In machine learning, a model "models" the real world, or least a part of it using mathematical concepts and language. The same way humans build an understanding of how the world works over time, which then affects how we behave and make decisions. When we are little kids, we have a certain model of the world. This helps us to know what is edible and what isn't, for instance. As we grow up, we refine this model, and start becoming better at distinguishing what is food and what isn't. We might not be able to explain how we make this decision, but we know that given some input, let's say a photo of something on a plate, we are able to make a prediction of whether this is food or not.

Of course, my understanding of the world might vary from yours because we have had different lives and experiences, or we simply take in things differently. My own understanding of the world might have even been different if my life had happened differently. The same is true with models. Depending on how they are built and trained, they might make decisions in wildly different ways.

The fact that we do not know exactly how we, humans, make decisions is one of the key reasons why machine learning is so challenging and fascinating. It forces us to try to understand our own decision-making. Of course, the same way we tried to mimic birds when we tried to build flying machines, immitating human reasoning might not be the key to creating intelligence, and therefore, there are different schools of thought when it comes to how machine learning models should be built.

Models have of course all sorts of properties that we could delve into, but here, we'll focus on the high-level components of any model

## What information is stored

When a model is created, one must define what its state will be composed of. For instance, let's take a simplistic prediction model for house prices. Such a model could for instance contain a single parameter containing the average price of a house. It could be more complex and store the parameters definining the distribution of the price based on various variables.

It is crucial to understand what information a model is working with, because sometimes this may be a limiting factor in what type of prediction you might want to make. Indeed, if the model only stores the average price of a house, it will not be able to make the difference between a very cheap or a very expensive one, because _all_ it knows is the average price.

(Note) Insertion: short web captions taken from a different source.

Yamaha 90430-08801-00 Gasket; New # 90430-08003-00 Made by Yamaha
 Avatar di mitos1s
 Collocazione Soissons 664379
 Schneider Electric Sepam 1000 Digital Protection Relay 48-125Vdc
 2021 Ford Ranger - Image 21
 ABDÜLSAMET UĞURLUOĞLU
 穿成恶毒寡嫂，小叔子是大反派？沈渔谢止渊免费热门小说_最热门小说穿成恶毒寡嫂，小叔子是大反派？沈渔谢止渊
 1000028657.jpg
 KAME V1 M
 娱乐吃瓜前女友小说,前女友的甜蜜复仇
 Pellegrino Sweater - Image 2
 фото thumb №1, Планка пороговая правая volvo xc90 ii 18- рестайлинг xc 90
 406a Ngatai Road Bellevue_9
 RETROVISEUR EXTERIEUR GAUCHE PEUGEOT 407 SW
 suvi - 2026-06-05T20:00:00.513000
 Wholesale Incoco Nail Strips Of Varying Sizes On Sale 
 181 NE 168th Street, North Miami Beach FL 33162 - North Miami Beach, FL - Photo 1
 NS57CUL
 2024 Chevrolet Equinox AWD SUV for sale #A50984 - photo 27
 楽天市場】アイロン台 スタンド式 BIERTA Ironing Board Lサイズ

## How that information is used

Models use the information at their disposal to make decisions. The same way humans do. If you look at a plate of food, you will use your memory to check whether or not you enjoy this particular food, and decide whether to eat it based on this. Humans are very complicated models and we can make use of loads of information very fast, in intricate ways, but like a model, we can only make use of the information that we do possess.

Models may make use of their information in various ways. Some models may be using some form of decision tree to come to a conclusion, some may use statistical distributions, and some may use distances for instance.

## How the model is trained

As we've explained before, models possess a state composed of multiple variables, or parameters, and use them in order to make decisions. Obviously, machine learning is also deeply focused on the _learning_ part. In theory, one could just try all combinations of parameters and see which one performs better. But as we've mentioned previously, models may contain hundreds, thousands, if not millions, of parameters, thus making going through the search space intractable.

Each model may learn their parameters in various ways. This is what a big part of machine learning research is about. Not necessarily coming up with brand new types of models, but with novel ways to learn parameters, in a more efficient and robust manner.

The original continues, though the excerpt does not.